Metaverse experiences don’t always have to be big, cross-community affairs or opportunities for fans to delve deeper into their beloved IPs. Outside of Web3, we’ve already seen the idea of using VR to create deeply personal experiences for users. Let’s start with how this idea is approached in popular culture. In the opening minutes of 2016’s Captain America: Civil War, viewers were confronted with another cutting-edge technological development from fictional futurist Tony Stark: BARF.
In the film, technology allowed users to relive their memories in vivid detail virtually. Of course, included in this pack is the perhaps bittersweet ability for users to talk to loved ones long after they’re gone. Have we noticed such excellent technology? Closer than you think. It might even help users process trauma and loss, as Stark expressed in the 2016 film.

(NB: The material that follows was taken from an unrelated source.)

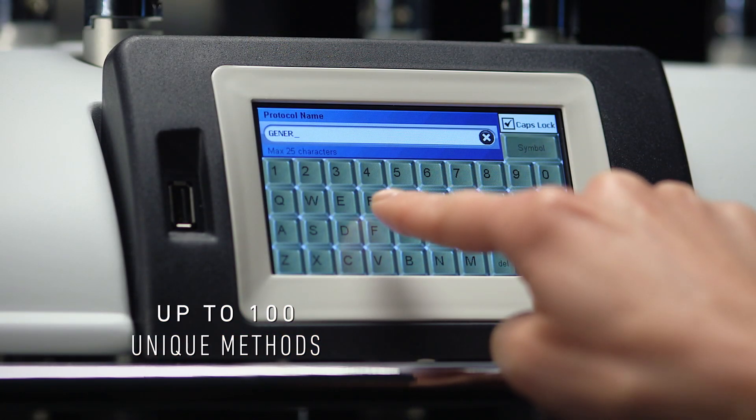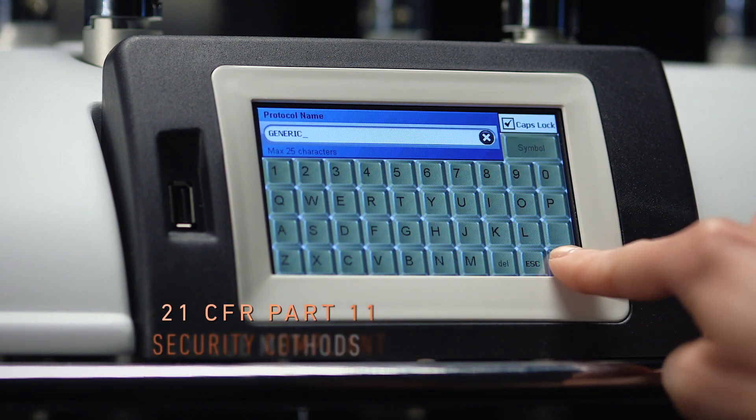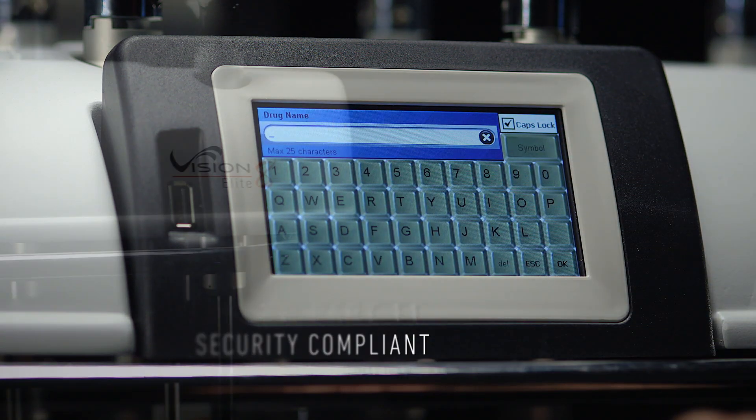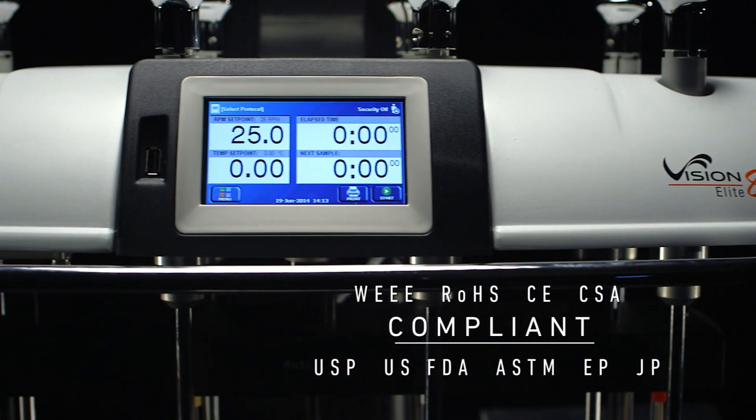Save up to 100 unique methods, including common library routines, with a 21 CFR Part 11 security compliance system. The Vision G2 Elite 8 meets and exceeds worldwide compliance standards.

In 2020, the story of a South Korean mother who could speak to her late daughter once, thanks to virtual reality, went viral. And with the upcoming release of Reflect, a game built specifically for Mirror Image One – rumoured to be a “next-gen cloud-based Web3 gaming console” included with every game purchase – we could see this technology making a difference for a small part of which will be public very soon.
Building your memory
Reflect will reportedly allow users to relive certain moments of their lives in the Metaverse game. For a price, of course, and it won’t be cheap. Starting at 1 ETH, or just over $1,600 at the time of writing, users can have one of their memories on the blockchain, allowing them to relive those moments of their lives in-game. Prices vary depending on the age of the memory. However, if you coin a memory into a standard-level NFT for 1 ETH, users can coin memories since 2010 only. Prices increase by 1 ETH for each additional decade memory ages, and the Reflect team offers users the opportunity to mint “each” of their memories for 4 ETH. So, what does it mean to imprint a memory? Of course, this won’t be a magical, instantaneous process. Integrating each memory into a Metaverse experience takes much work from both the user and the developer.
Upon acquiring the rights to imprint one of their memories, users must work with Mirror Image Studios’ Reflect team in an advisory capacity to bring their memory to their entire virtual life. This starts with sending out relevant media that can help them. Memory restoration, including photos, videos, audio recordings, and a written description of memory of at least 300 characters. Apart from that, users also have to meet with Reflect team -Deep Memory Discussion. This is required for the team to create an accurate and faithful interpretation of the user’s in-game memory.
A metaverse of memories
Beyond these details, there is little information on the Reflect website about how Mirror Image Studios plans to approach the development of imprinted memories. It’s also unclear what these tiny bits of the metaverse will look like other than what is rumoured to be the game worlds being built. With Unreal Engine 5 from Epic Games. So, what should users do with these personal pieces of the metaverse once they’re done? Play these experiences for starters. As with Life is Strange, the Reflect the team hopes to bring users branching experiences that allow them to do things differently for the second time in the metaverse – one of its many lofty development goals reminiscent of how No Man’s Sky came before excited for its release in 2016.
The Reflect team promises their memories will live on in a connected Metaverse world, complete with what they call “advanced NPCs.” This connected world represents’ the ultimate end goal for the project; to create a virtual world that lives and breathes from the collective memories of its users to be inspired. We will be monitoring this project closely to see if it can live up to the high expectations the company has set for itself. With the announcement of this game.